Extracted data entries
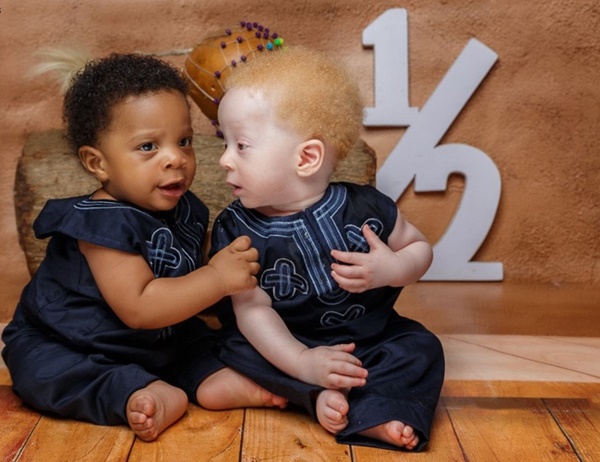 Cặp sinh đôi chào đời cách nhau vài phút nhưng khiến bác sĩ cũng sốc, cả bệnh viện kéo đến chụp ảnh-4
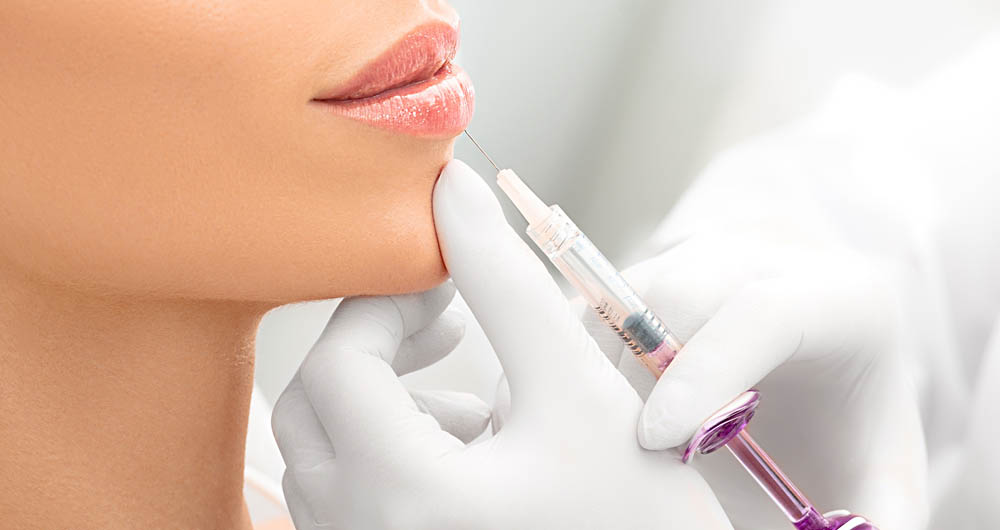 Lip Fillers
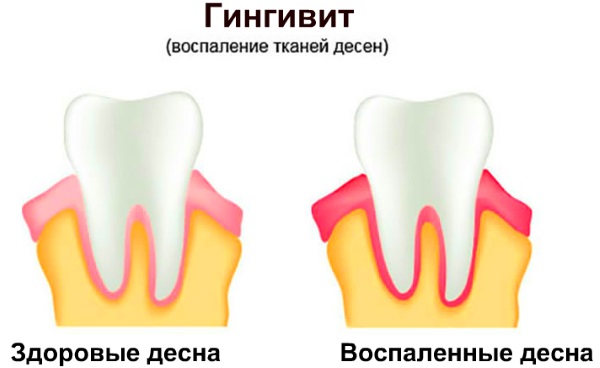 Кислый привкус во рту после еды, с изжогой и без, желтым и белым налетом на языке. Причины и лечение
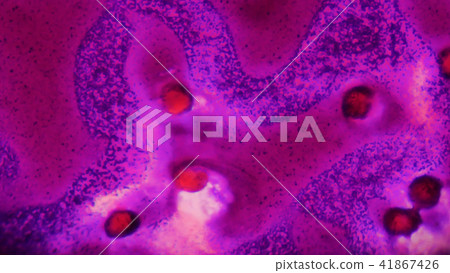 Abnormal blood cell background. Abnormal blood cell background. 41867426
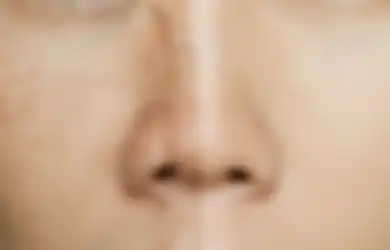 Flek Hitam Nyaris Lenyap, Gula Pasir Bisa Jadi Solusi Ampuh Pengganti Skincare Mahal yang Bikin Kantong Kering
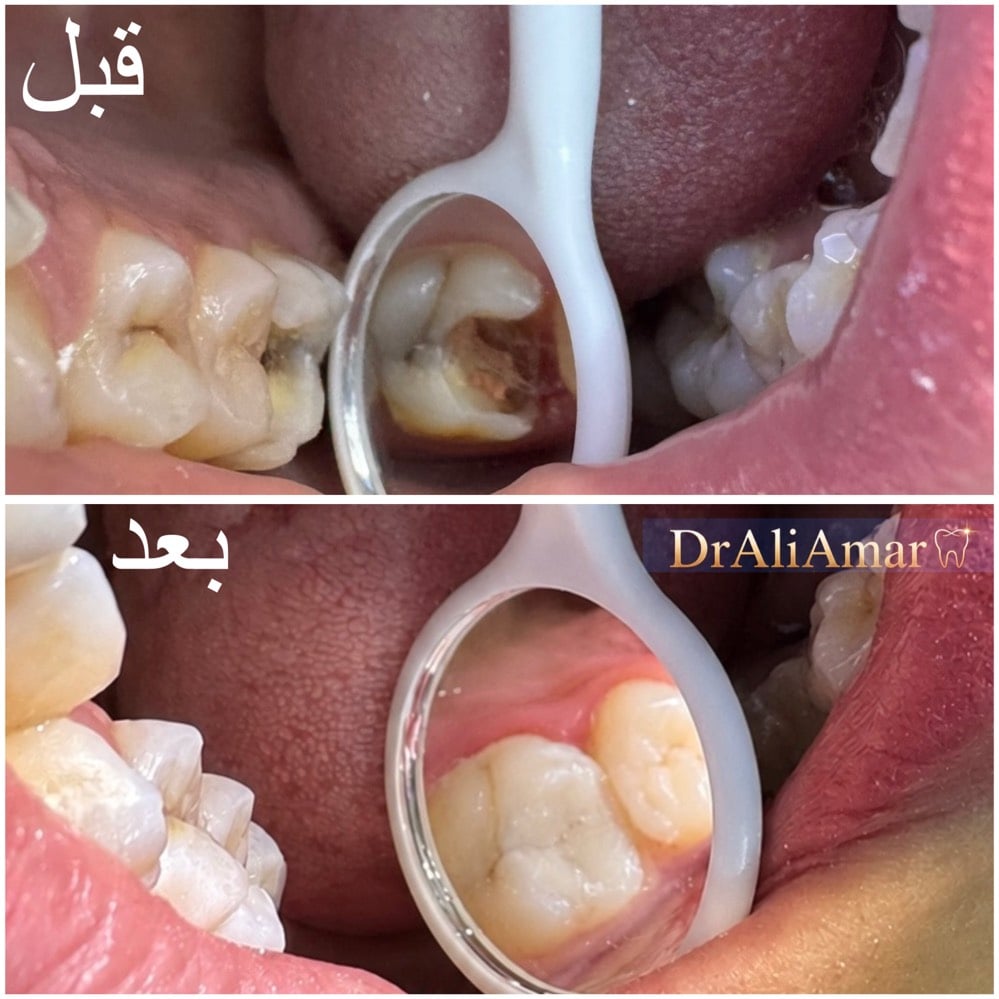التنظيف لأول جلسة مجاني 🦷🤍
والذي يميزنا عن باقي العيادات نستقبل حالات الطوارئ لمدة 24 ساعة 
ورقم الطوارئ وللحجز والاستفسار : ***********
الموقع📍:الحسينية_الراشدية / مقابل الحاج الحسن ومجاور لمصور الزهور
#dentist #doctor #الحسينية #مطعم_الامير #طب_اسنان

Exercise details
Output all of the entries once more, word for word, with the images removed.

Exercise solution
 Cặp sinh đôi chào đời cách nhau vài phút nhưng khiến bác sĩ cũng sốc, cả bệnh viện kéo đến chụp ảnh-4
 Lip Fillers
 Кислый привкус во рту после еды, с изжогой и без, желтым и белым налетом на языке. Причины и лечение
 Abnormal blood cell background. Abnormal blood cell background. 41867426
 Flek Hitam Nyaris Lenyap, Gula Pasir Bisa Jadi Solusi Ampuh Pengganti Skincare Mahal yang Bikin Kantong Kering
التنظيف لأول جلسة مجاني 🦷🤍
والذي يميزنا عن باقي العيادات نستقبل حالات الطوارئ لمدة 24 ساعة 
ورقم الطوارئ وللحجز والاستفسار : ***********
الموقع📍:الحسينية_الراشدية / مقابل الحاج الحسن ومجاور لمصور الزهور
#dentist #doctor #الحسينية #مطعم_الامير #طب_اسنان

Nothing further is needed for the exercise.